Il linguaggio e i progetti scopertamente neoimperialisti del presidente statunitense colpiscono e segnalano un salto di qualità rispetto alla sua prima amministrazione. E sembrano avere, oggi anche più di allora, l’Europa come loro bersaglio. Dalla questione del contributo dei membri europei della Nato a quella dei progetti regolatori del big tech Usa da parte dell’Unione Europea, dal commercio e il surplus europeo alla richiesta di collaborare maggiormente contro la Cina, sono diversi i dossier rispetto ai quali sono già scattate le minacce e le pressioni dell’amministrazione Trump.

Si tratta di dossier e frizioni, la Nato su tutti, non nuovi e che hanno segnato la storia delle relazioni transatlantiche. Ma rispetto ai quali assistiamo oggi a qualcosa d’inedito, nell’asprezza delle richieste statunitensi e nella loro ostentazione, che a volte sembra mirare deliberatamente a umiliare la controparte. Quel che si prefigura pare essere davvero una ultima chiamata per l’Europa. Una capitolazione senza resistenza, o significative contropartite, segnerebbe il tramonto del progetto europeo e aprirebbe le porte a una crisi dell’Ue dalla quale si fatica a immaginare una qualche uscita.

Perché storicamente queste tensioni transatlantiche finiscono quasi sempre per lacerare l’Europa più che per compattarla. E perché ci troviamo in un tornante oggettivamente nuovo, dove subire senza reagire le umiliazioni trumpiane - come è finora avvenuto - rischia di erodere la legittimità già debole delle élites europee, a partire dalla Commissione e da chi la guida.

È questo il primo dei tre punti che meritano di essere sottolineati per meglio comprendere i termini della questione e la comparazione con il passato. Le richieste di Trump si connotano per la inciviltà della forma e la radicalità dei contenuti. Contestare la sovranità di un territorio associato della Ue o minacciare il governo di un suo Paese vuol dire portare la disputa in un territorio nuovo e ignoto. Dove le vecchie formule del passato non valgono più e il silenzio appare una dimostrazione di debolezza e inettitudine.

Il secondo elemento di rottura in questa nuova crisi transatlantica deriva dal fatto che in Europa vi sono oggi numerosi governi e forze politiche schierati a fianco di Trump. Che hanno funto da modello per la nuova Destra americana, è il caso dell’Ungheria di Orban; che cercano di riprodurre in scala lessico e proposte del Presidente statunitense; che in ultimo condividono il suo obiettivo d’indebolire e finanche scardinare l’Unione Europea (Trump, a volte lo dimentichiamo, fu entusiasta sostenitore della Brexit).

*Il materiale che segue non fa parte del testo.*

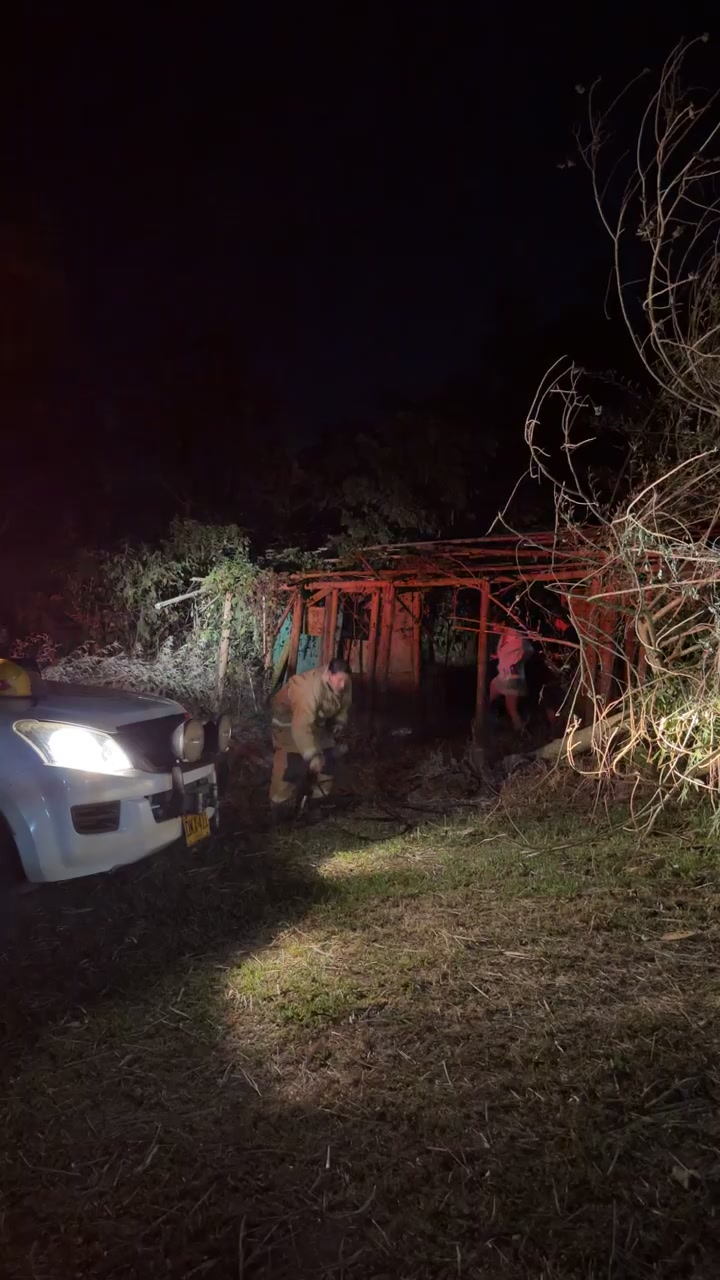 Se Busca Perro Perdido en Circasia, Quindío 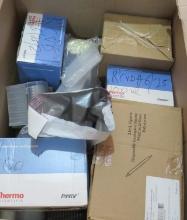 case Fintip Flex Filter 100ul pus boxes of pipettes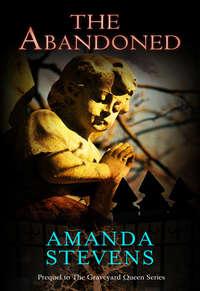 The Abandoned, Amanda  Stevens audiobook. ISDN42426602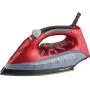 Brentwood MPI-61 Non-Stick Steam Iron, Red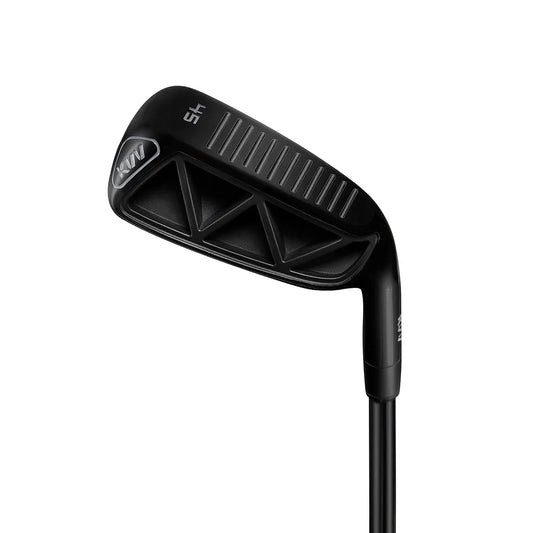 KVV Premium Sand Wedge for Men & Women 45/55/60 Degree Golf Wedges, Golf Pitching & Chipper Wedge -Legal for Tournament Play, Improve Your Short Game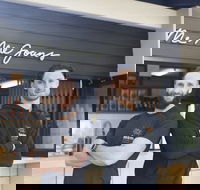 Me Me Joans - Accommodation Sydney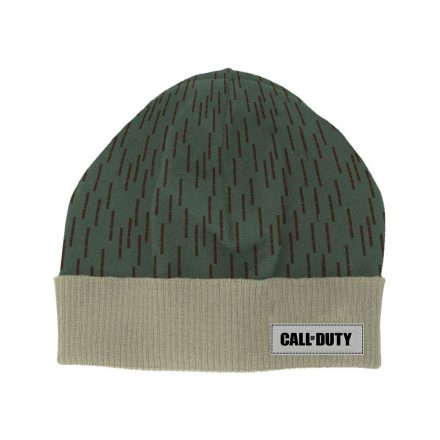 Call of Duty: Black Ops Cold War Beanie Double Agent
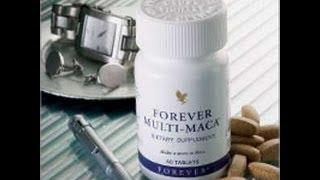 Multi-Maca™ ~FOREVER LIVING PRODUCTS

Terzo e ultimo, le forze e i Paesi che potrebbero oggi opporvisi attraversano essi stessi una fase di grande crisi e debolezza. Ciò è particolarmente verso per quell’asse «carolingio» - franco-tedesco - che ha storicamente guidato e difeso il progetto europeo e che ancor oggi esprime i due soggetti superiori nella Ue, in ambito securitario (la Francia) ed economico (la Germania).

Fu questo asse, ad esempio, che poco più di vent’anni fa si oppose con fermezza agli Stati Uniti durante la disputa che precedette lo sciagurato intervento in Iraq. Oggi Parigi e Berlino non sembrano più in grado di adempiere a tale compito. E ciò aggiunge un ultimo, cruciale elemento di fragilità ad un’Europa per il momento passiva, troppo passiva, di fronte all’urto del ciclone Trump.